The Following takes place between 3pm and 3:20pm on a Thursday. It is an interaction between an elderly deli customer and myself. I will present it in the form of a script, the roles being Man (Me) and Woman (The Customer). Enjoy.
Woman: (Yelling across the counter) Excuse me, I have a question!
Man: (Busy finishing up a project for another customer) I’m busy right now. You just stand there and wait for me. We’ll rendezvous shortly.
Woman: (As the man circles around the counter to meet her on the floor) This turkey… (She holds up a previously cooked, refrigerated turkey breast)…This turkey is cold!
Man: I’m sorry?
Woman: (She holds up a bag of salt and pepper chips which she is in the process of devouring. Crumbs litter her lips which are blued from a lack of proper bloodflow) These chips, they’re salt and pepper. (She shrugs and chip crumbs fall to the floor) Um, this turkey is cold.
Man: Well that’s because it came from the refrigerated section over here. (He walks her over to the cooler where she grabbed the turkey breast) You got it from here?
Woman: (She looks at the Man as if she’s seeing a human for the first time) Ah…Yes. Do you have hot ones?
Man: (He walks her over to the hot chicken case, which is over flowing with fresh cooked chickens, but there is only one hot turkey breast remaining) Yes, they’re here. (He grabs one from the case and hands it to the Woman) You got the last one.
Woman: (Looking the turkey over) What’s it seasoned with?
Man: It’s not seasoned.
Woman: So who seasoned it?
Man: No one seasoned it, it’s unseasoned.
Woman: You’re very nice.
Man: Thank you. You’re the first person to ever tell me that.
Woman: (Thinking hard) Mmhmm. So you don’t season them?
Man: That’s correct. We just brown them in the oven.
Woman: But it’s so brown?
Man: Yes, as I said, we brown them in the oven. First we cook them, covered in foil for an hour and a half. Then we cook them uncovered for about thirty minutes, so they brown up real nice.
Woman: They’re so moist, though.
Man: Yes, that’s because we cook them under foil for an hour and a half. It keeps the moisture in.
Woman: So when do you season it?
Woman: It’s so brown.
Man: I promise you, we don’t season it. It’s never been seasoned. There is no seasoning on the turkey.
Woman: (staring at the Man) Uh huh. Is it good?
Man: Yes, it’s very good. They usually sell out as soon as we put them in the case.
Woman: Can I freeze it? (She licks more chip crumbs from her lips)
Man: Yes, you can freeze it. Just like left-overs.
Woman: Has it been frozen?
Man: No, we cook them and then put them in this hot case.

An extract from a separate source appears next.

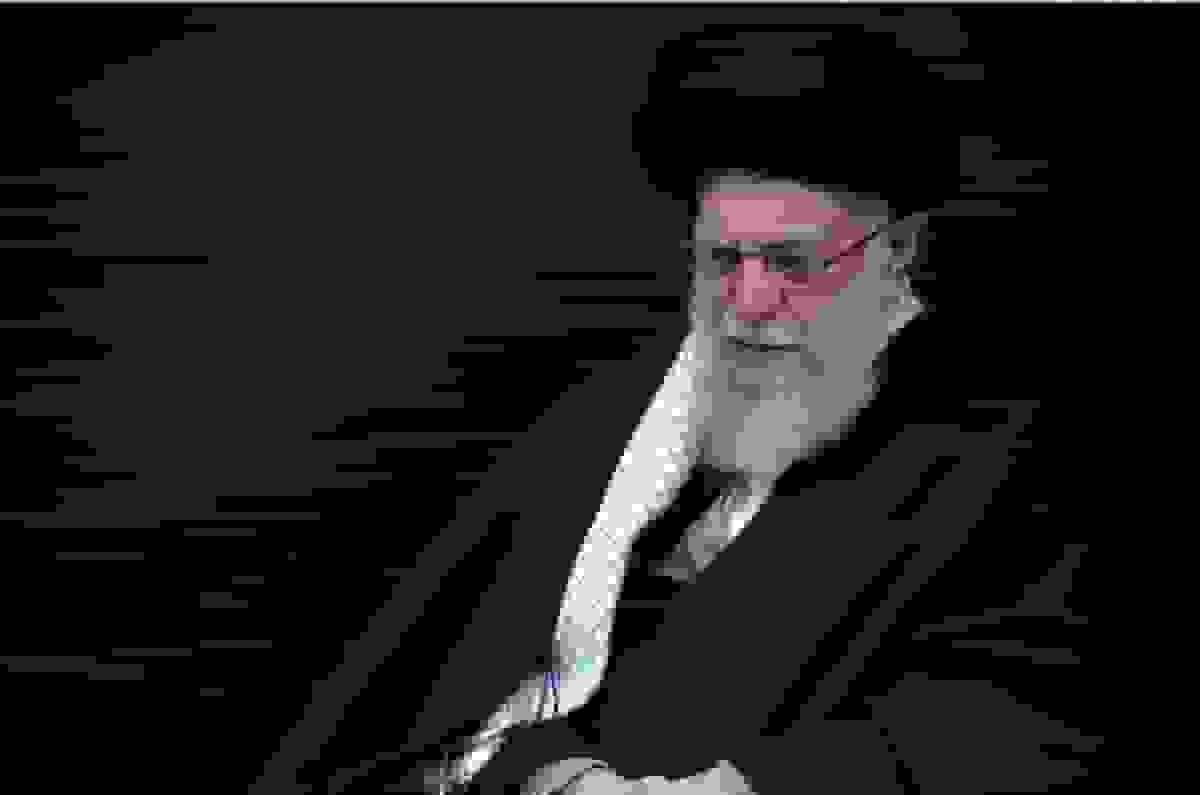 تسلیت رهبر انقلاب به معاون رئیس‌جمهور در پی درگذشت همسر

Woman: Oh. Did you cook this today? (She holds the turkey breast package up for scrutiny)
Man: Yes. See the time written on the side? (He points to the time stamp on the side of the turkey 2:15pm) That’s the time it came out of the oven.
Woman: (Looking at the Man, again like she’s seeing a human for the first time) Yeah…Are these gluten free?
Man: No. None of these hot foods are gluten free. We do have an entire line of gluten free products over here in our cold cuts.
Woman: (Peering over the Man’s shoulder) Oh. Over there? Do you have turkey over there?
Man: Turkey cold cuts? Yes, we have lots of different kinds, too.
Woman: I don’t like the man over there, with the ponytail. He’s crazy.
Man: Yeah, sure.
Woman: (Digging for more potato chips) So, if I wanted a turkey breast that was gluten free?
Man: We don’t have those.
Woman: So I couldn’t order one?
Woman: (Holding up the turkey again) I can freeze this?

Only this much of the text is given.